I'm checking a form with onsubmit , but even returning true it's submit. Here is the function that calls onsubmit: 

function checkFormModal(){
        var senhaAtual = document.getElementById("senhaAtu").value;
        var alerta = document.getElementById("avisoSenhaDig");
        var usuario = document.getElementById("nomeUsuarioTestaSenha").value;
        var p = document.getElementById("p");
        var xmlreq = CriaRequest();

        xmlreq.open("GET", "../Controller/verificaSenhaUsuario.php?senha="+senhaAtual+"&nomeusu="+usuario, true);

        xmlreq.onreadystatechange = function(){
          if (xmlreq.readyState == 4) {
            if (xmlreq.status == 200) {
              if (xmlreq.responseText == "nao") {
                if (senhaAtual.length > 0) {
                  return false;
                }
                return false;
              }else if (xmlreq.responseText == "sim"){
                p.innerHTML = "true";
                return true;
              }
            }else{
              alerta.innerHTML = "ERRO: " + xmlreq.statusText;
              return false;
            }
          }
        };
        xmlreq.send(null);
        return false;

      }

This is true only if resposeText is yes, it goes into if that checks for it (it gives the innerHTML in p) but even so it does not give the submit in the form. Here's how the OnSubmit is done: 

<form name="formSenha" role="form" onsubmit="return checkFormModal()" class="form" action="../Controller/editaSenhaUsuario.php" method="POST" autocomplete="off">

I wonder why it does not give return true. Thank you in advance.

    
asked by anonymous 11.12.2018 / 18:18

2 answers

2

You will not be able to use the form submit with Ajax because both are asynchronous. When you submit, the entire function is executed before Ajax is processed, ie before Ajax is processed, the last return false has already been sent back. Only then does Ajax go into if with true , but then it's late because the function has already returned false .

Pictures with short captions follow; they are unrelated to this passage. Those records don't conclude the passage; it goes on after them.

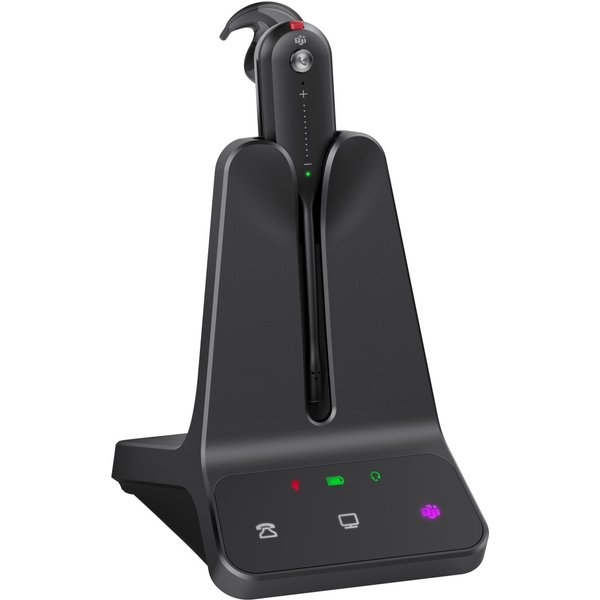 Yealink WH63 E2 Teams Headset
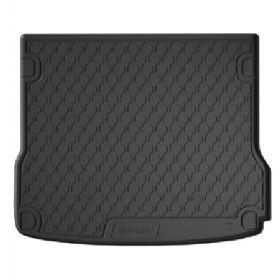 Bagagerumsbakke Audi Q5 8R 11/2008-2016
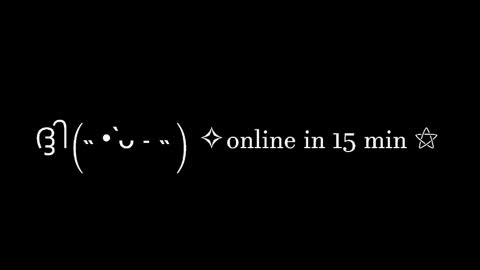 SCARLETT online show from 12-05-25, 12:36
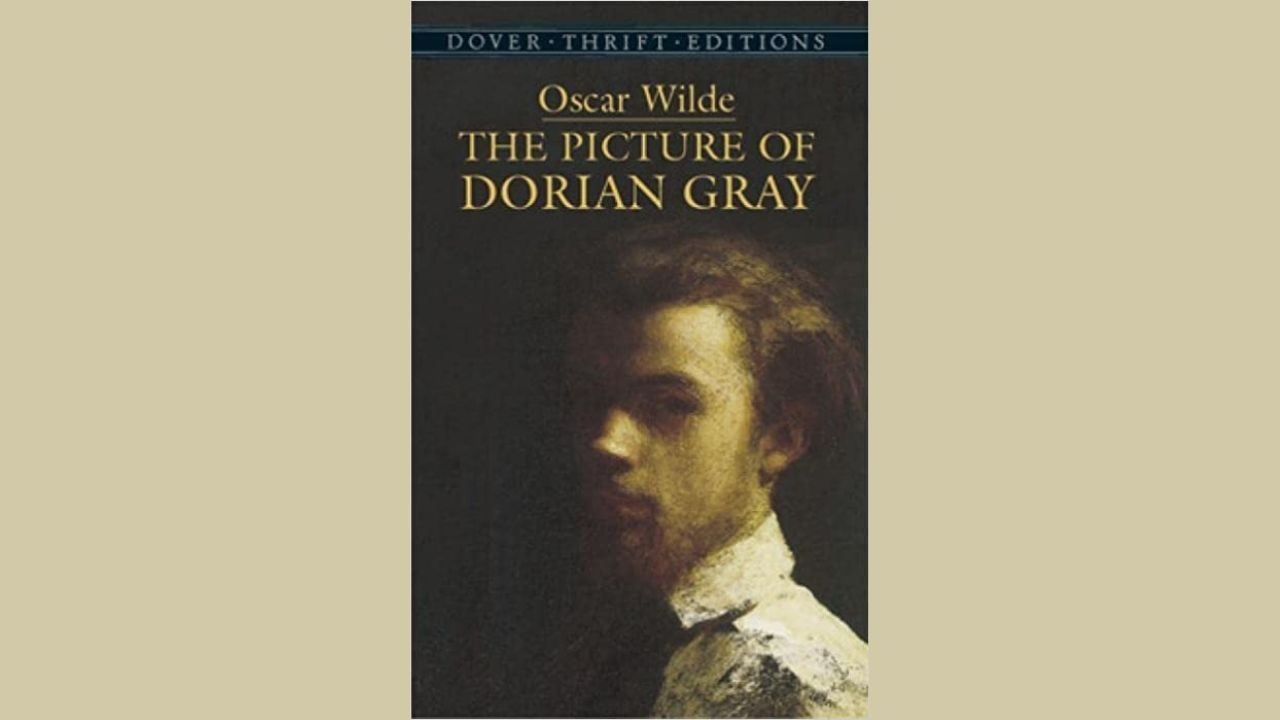 Student Notes: The Picture of Dorian Gray – Book by Oscar Wilde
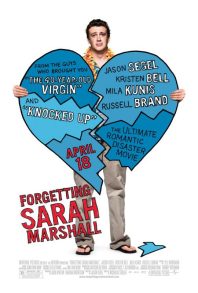 دانلود فیلم Forgetting Sarah Marshall 2008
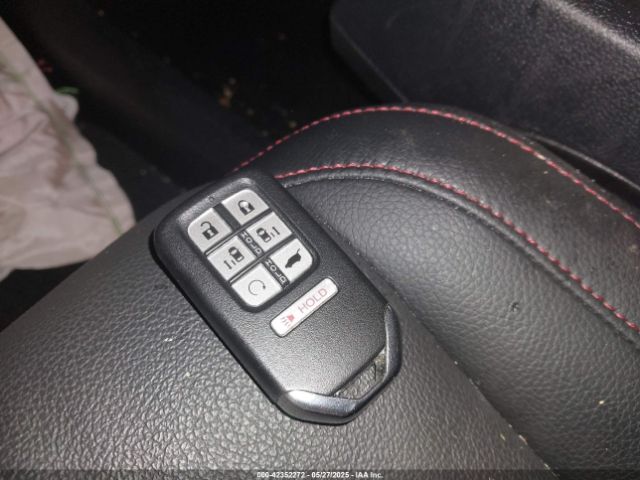 2024 HONDA ODYSSEY 5FNRL6H71RB057776 Photo 10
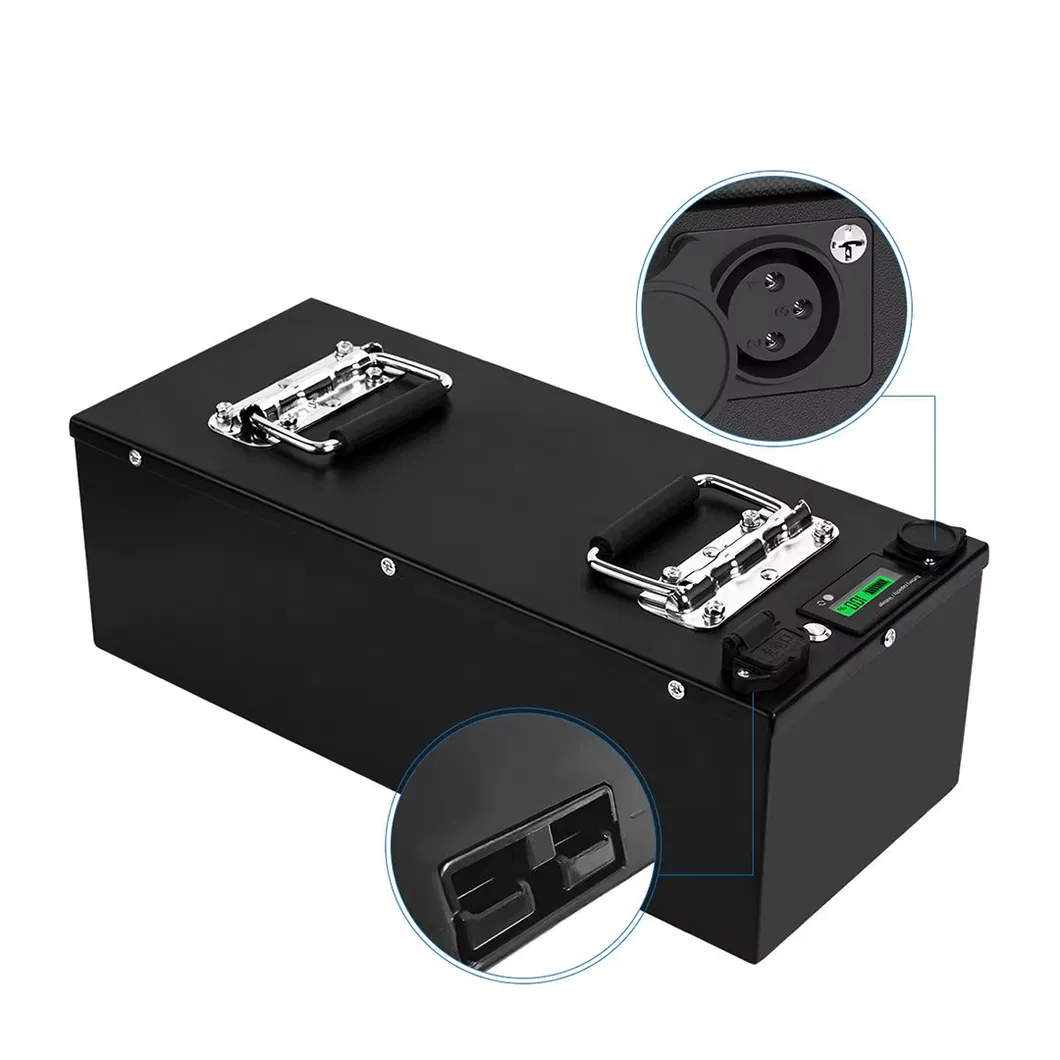 Durable Battery Pack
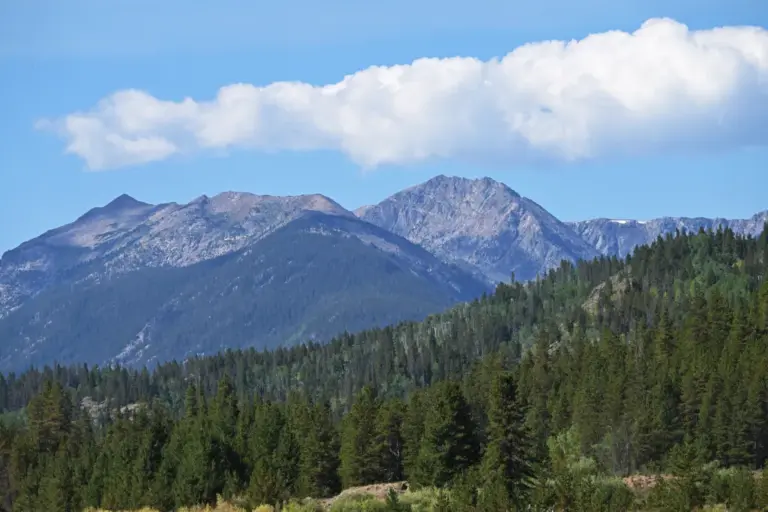Tens of thousands without power in Colorado’s Vail Valley after lightning strike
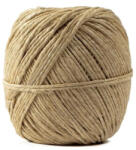 Bluering Kötözőzsineg kender vastag 500 gr 2/0, 9 BLUERING (33767) - nyomtass-olcson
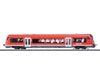 Marklin 36965 Ho Db Ag Regio Shuttle Rs1 Class 650 Diesel Powered Rail Car Mfx Digital Sound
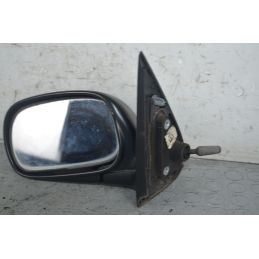 Specchietto retrovisore esterno SX Nissan Micra K11 Dal 1992 al 2002 Cod 011156  1735037872915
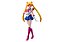 Sailor Moon Crystal Star Compact Edition Sailor Moon R The Movie S.H. Figuarts Bandai Original - Imagem 1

In this case, you will have to do a manual submit after processing Ajax. You need to send the form via this to onsubmit this way: 

onsubmit="return checkFormModal(this)"

And include a parameter in the function: 

function checkFormModal(form){...

The variable form will be the element of the form within the function. In my view, all those if's checking nao and multiple false returns become unnecessary, leaving only the last return false so that the form is not submitted by calling the function.

Reformulating the function, it would look like this, doing a submit when the Ajax return is sim : 

function checkFormModal(form){

        var senhaAtual = document.getElementById("senhaAtu").value;
        var alerta = document.getElementById("avisoSenhaDig");
        var usuario = document.getElementById("nomeUsuarioTestaSenha").value;
        var p = document.getElementById("p");
        var xmlreq = new XMLHttpRequest();
        var xmlreq = CriaRequest();

        xmlreq.open("GET", "../Controller/verificaSenhaUsuario.php?senha="+senhaAtual+"&nomeusu="+usuario, true);

        xmlreq.onreadystatechange = function(){
          if (xmlreq.readyState == 4) {
            if (xmlreq.status == 200) {
              if (xmlreq.responseText == "sim"){
                p.innerHTML = "true";
                form.submit();
              }
            }else{
              alerta.innerHTML = "ERRO: " + xmlreq.statusText;
            }
          }
        };
        xmlreq.send(null);

        return false;
}
    
11.12.2018 / 19:56
0

If I understand what you want to do, what you need is for your checkFormModal() method to return true or false , and in case false the page is not sent.

If that's what you need to do it's something like this here. 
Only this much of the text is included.